Amazon S3 static websites
Staticwebsites look the same for everyone - it displays the same photos, videos, texts, gifs and other content, regardless of who you are. A common example of a static website is a personal portfolio or company website.
The opposite is a dynamic website, which means content changes according to the user's location, actions on the website and user generated content. Social media sites (e.g. Facebook) and most e-commerce stores (e.g. Amazon) are dynamic websites because they show personalised recommendations!
You can set up an Amazon S3 bucket to store your static website. It's easy, cheap, and safe, making it a great option for simple websites, portfolios, or project demos. We'll be doing an exercise on this to show you how.
Amazon S3 Replication
When you store a file (like a photo, video, or document) in an S3 bucket, you can set up S3 Replication to automatically make a copy of that file in another bucket, which might even be in a different part of the world or within the same Region. Even if your original file gets damaged or lost, these copies will be available as backup.
Amazon S3 Encryption
In the digital world, encryption is a locked safe for your files.

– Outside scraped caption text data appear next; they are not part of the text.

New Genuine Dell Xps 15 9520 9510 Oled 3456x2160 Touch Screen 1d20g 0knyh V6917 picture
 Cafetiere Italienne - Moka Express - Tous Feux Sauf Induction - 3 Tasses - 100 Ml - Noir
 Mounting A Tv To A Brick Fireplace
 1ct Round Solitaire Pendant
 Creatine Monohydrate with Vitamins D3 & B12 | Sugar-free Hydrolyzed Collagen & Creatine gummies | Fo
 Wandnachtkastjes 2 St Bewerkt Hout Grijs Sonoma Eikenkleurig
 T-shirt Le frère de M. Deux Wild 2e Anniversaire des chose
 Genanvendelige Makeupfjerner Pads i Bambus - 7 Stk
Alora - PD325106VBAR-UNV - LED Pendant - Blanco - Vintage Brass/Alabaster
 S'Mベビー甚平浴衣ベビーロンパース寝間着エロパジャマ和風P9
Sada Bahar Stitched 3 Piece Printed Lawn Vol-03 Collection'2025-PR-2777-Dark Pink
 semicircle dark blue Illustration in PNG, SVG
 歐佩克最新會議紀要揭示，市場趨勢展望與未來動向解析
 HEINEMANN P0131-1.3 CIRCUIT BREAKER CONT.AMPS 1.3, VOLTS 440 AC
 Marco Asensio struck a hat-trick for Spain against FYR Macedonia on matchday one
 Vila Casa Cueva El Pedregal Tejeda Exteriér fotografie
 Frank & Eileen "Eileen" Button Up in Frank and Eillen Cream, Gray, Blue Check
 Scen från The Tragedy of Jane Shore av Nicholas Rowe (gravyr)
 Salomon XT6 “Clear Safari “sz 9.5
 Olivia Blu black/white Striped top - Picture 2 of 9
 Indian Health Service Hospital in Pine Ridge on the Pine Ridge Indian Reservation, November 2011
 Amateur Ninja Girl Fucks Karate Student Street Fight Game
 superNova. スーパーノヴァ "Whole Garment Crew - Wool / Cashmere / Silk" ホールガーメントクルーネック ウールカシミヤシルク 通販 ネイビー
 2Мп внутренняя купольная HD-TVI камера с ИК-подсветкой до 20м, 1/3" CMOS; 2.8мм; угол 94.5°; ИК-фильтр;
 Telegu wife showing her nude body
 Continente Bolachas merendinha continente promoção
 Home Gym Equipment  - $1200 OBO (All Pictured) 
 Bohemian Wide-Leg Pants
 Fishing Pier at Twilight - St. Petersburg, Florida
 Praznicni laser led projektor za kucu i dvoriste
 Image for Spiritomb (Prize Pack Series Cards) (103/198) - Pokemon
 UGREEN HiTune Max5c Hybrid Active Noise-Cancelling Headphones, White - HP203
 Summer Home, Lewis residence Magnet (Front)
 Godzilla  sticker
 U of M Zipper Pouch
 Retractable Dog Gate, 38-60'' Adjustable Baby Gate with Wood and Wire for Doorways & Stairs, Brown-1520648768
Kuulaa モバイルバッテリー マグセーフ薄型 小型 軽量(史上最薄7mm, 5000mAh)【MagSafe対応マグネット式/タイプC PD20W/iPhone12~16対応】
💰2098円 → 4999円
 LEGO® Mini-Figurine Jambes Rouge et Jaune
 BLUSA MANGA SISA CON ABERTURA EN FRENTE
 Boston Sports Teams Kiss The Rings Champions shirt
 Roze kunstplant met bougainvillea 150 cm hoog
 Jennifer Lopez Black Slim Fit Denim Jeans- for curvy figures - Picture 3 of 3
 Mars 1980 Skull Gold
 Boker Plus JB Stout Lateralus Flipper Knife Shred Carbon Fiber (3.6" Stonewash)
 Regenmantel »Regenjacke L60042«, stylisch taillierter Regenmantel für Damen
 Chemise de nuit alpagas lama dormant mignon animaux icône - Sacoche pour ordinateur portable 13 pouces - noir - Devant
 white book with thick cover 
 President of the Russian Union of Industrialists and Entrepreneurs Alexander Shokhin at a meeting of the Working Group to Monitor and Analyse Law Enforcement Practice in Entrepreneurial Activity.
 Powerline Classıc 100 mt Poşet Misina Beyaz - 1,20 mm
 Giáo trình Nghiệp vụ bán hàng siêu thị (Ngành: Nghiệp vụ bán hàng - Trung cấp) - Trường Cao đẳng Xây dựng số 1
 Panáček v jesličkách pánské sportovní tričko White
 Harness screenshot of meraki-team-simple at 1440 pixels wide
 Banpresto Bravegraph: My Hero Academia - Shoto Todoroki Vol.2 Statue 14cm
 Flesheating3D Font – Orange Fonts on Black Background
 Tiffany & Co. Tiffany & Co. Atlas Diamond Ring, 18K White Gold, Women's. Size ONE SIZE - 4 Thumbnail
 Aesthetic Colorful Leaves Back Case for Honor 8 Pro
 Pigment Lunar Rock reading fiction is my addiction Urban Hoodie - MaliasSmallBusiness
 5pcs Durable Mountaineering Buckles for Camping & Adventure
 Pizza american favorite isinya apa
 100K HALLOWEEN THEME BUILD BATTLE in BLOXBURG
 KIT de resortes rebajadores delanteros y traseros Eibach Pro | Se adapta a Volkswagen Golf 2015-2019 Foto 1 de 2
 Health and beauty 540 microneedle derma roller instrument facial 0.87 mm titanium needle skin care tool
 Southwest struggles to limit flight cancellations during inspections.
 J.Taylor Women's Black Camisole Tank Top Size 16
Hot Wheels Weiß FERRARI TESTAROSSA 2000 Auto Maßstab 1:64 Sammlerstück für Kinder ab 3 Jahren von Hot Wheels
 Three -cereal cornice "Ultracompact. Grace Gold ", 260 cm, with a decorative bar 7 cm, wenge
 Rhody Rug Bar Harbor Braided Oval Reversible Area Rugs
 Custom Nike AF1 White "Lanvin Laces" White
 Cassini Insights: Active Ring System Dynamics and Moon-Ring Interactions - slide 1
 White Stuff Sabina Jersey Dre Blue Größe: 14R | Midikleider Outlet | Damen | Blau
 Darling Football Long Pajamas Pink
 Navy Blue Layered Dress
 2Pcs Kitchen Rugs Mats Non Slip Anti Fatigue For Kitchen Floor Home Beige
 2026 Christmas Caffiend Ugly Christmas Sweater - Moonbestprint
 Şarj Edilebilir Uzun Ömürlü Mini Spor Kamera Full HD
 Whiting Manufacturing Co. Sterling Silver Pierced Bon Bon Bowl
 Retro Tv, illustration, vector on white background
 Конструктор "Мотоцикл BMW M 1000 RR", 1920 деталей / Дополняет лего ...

When you store anything in S3, bucket encryption ensures that files are turned it into unreadable code.
Only with the right "key" can it be translated back into something that makes sense.
It's crucial to not lost these keys - without them, the data remains unreadable to you too!
Once set up, Amazon S3 handles the encryption in the background.
Types of encryptions on Amazon S3
Encryption in transit: Securing data while it's being transferred to a different place - for example, if a copy of your data is being sent to a different region in the world.
Encryption at rest: Securing data while it's sitting in storage.
Methods of encryption in S3
Server-Side Encryption (SSE): Amazon S3 encrypts your data as it writes it to disks in its data centres and decrypts it for you when you access it. Think of this as S3 automatically locking the safe for you.
SSE-S3: Amazon handles everything, from generating keys to applying encryption.
SSE-KMS: You get more control, using a service called Key Management Service (KMS) to handle the keys.
SSE-C: You provide the encryption key, and Amazon handles the rest.
Client-Side Encryption: You encrypt (lock up) the data yourself before you send it to Amazon S3. It's like you lock the safe, and then give the safe to Amazon for safekeeping.
Amazon S3 Transfer Acceleration
Think of Transfer Acceleration as an express courier service for your digital files!
Transfer Acceleration speed ups file uploading and downloading, making it handy for long-distance transfer of large files.
For example, a streaming platform like Netflix can use Transfer Acceleration to quickly deliver high-definition videos to viewers worldwide.